▸ INFORMATION PROVIDED:
================

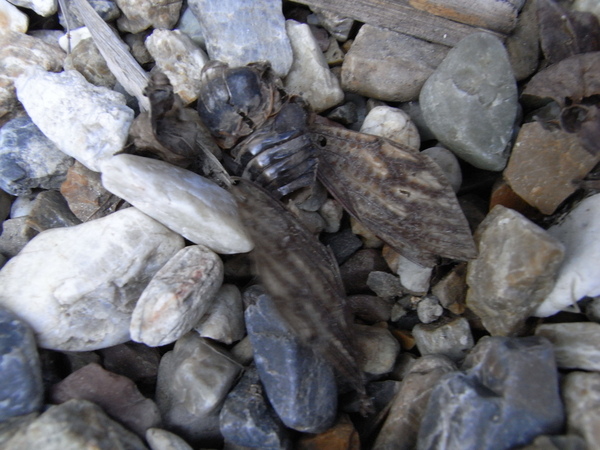 f:id:gzutetsu:20130210162939j:image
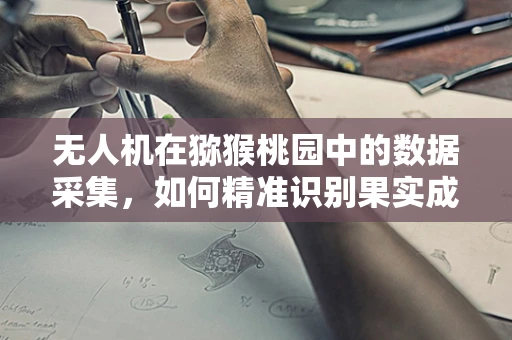 无人机在猕猴桃园中的数据采集，如何精准识别果实成熟度？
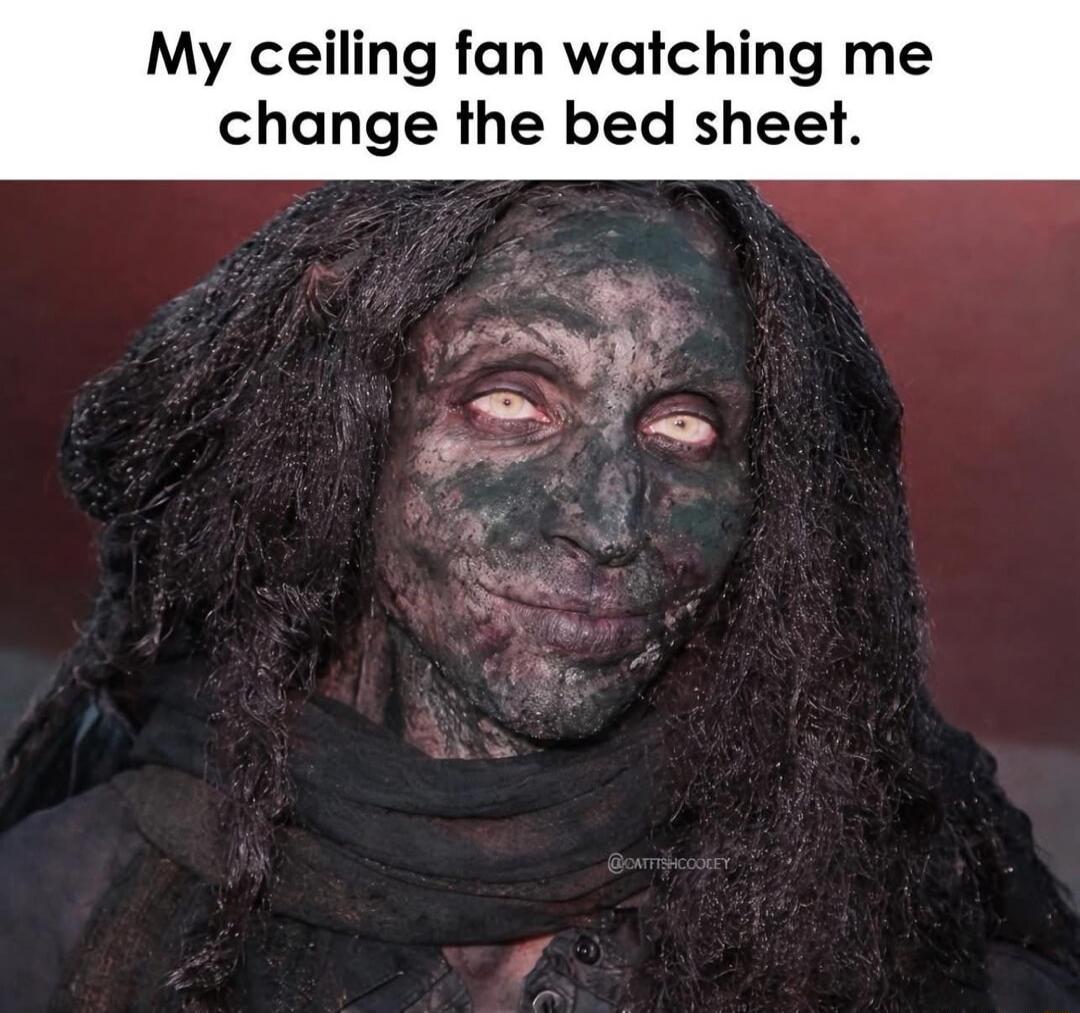 My ceiling fan watching me change the bed sheet.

================

▸ PROBLEM: Please retype the listing exactly, leaving out any images.

▸ FINISHED TASK:
 f:id:gzutetsu:20130210162939j:image
 无人机在猕猴桃园中的数据采集，如何精准识别果实成熟度？
 My ceiling fan watching me change the bed sheet.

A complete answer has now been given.